I finally went to Wikipedia to see if I could confirm any of my own impressions about the man, and here is what I found under “Relationships”:

Although Holmes appears to show initial interest in some female clients, Watson says he inevitably “manifested no further interest in the client when once she had ceased to be the centre of one of his problems”. Holmes finds their youth, beauty, and energy (and the cases they bring him) invigorating, distinct from any romantic interest. These episodes show Holmes possesses a degree of charm; yet apart from the case of Irene Adler (“A Scandal in Bohemia”), there is no indication of a serious or long-term interest. Watson states that Holmes has an “aversion to women” but “a peculiarly ingratiating way with [them]”. Holmes states, “I am not a whole-souled admirer of womankind”; in fact, he finds “the motives of women… so inscrutable…. How can you build on such quicksand? Their most trivial actions may mean volumes;… their most extraordinary conduct may depend upon a hairpin”.

Since the person fans most suspect Sherlock of being in love with is, in fact, Watson, this understanding of his relationships with women makes sense. If he is in love with another man, of course he wouldn’t pursue these characters (although King certainly believes that he could and would do so). Why though, does he have to be in love with Watson? Why can he not just be grateful (and a little off-balance) at the appearance of a devoted friend in his life?

I think it all comes back to our desire to relate more intimately with this brilliant and remote character. We do this with every book we read, with every experience we hear about – everything and everyone means more to us when we can find a connection to ourselves – but Holmes is meant to be an enigma. We are supposed to relate to Watson or to Mrs. Hudson, and through them, we experience the fascination and frustrations that come with caring about a person like Holmes.
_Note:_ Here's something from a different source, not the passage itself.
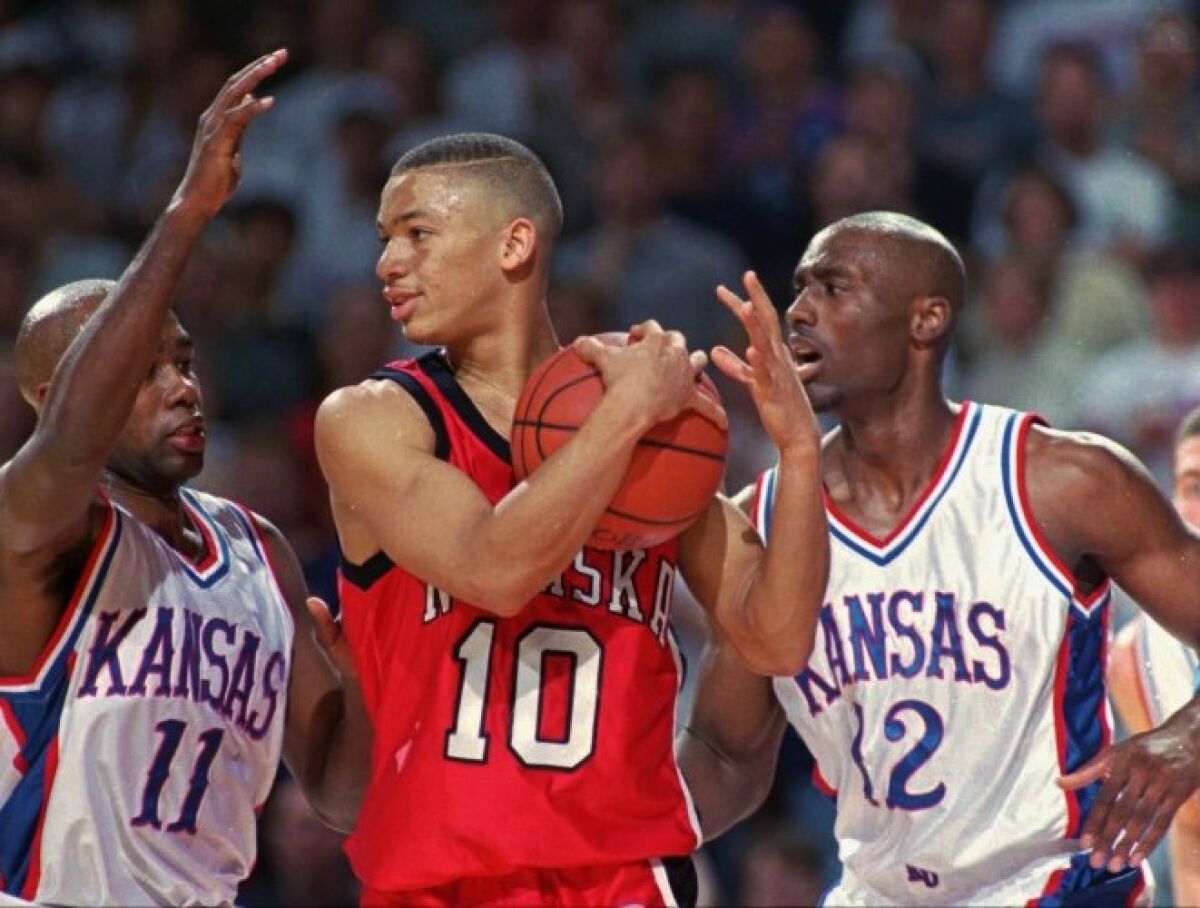 Nebraska's Tyronn Lue is sandwiched between Kansas' Jacque Vaughn (11) and Billy Thomas during a game Feb. 1, 1997.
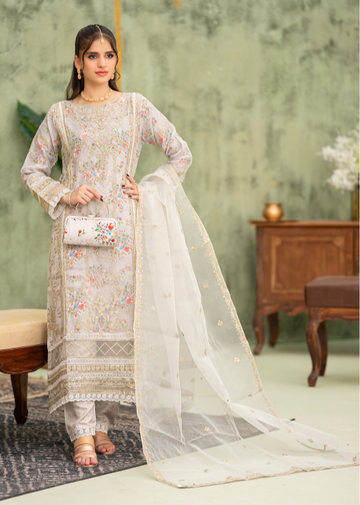 Woman in a traditional outfit with a floral design in a room setting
Sherlock Holmes acts without warning, experiences deep depressions, uses drugs to alleviate his distress, and can be infuriating when on a case. He is truthful to a fault and has a brain that works at such an unpredictably deep level that for most people he encounters (and this includes us as readers), we will be put off, whether we intend to be or not. He is a difficult, brilliant man and even when he is voiced by the warm-throated Robert Ian MacKenzie, he is not the chap you meet up with at a pub. He is a deeply flawed super hero with the ability to protect us from horrors we might not ever see coming. We need men and women like that, but we don’t always need to make those people exactly like us.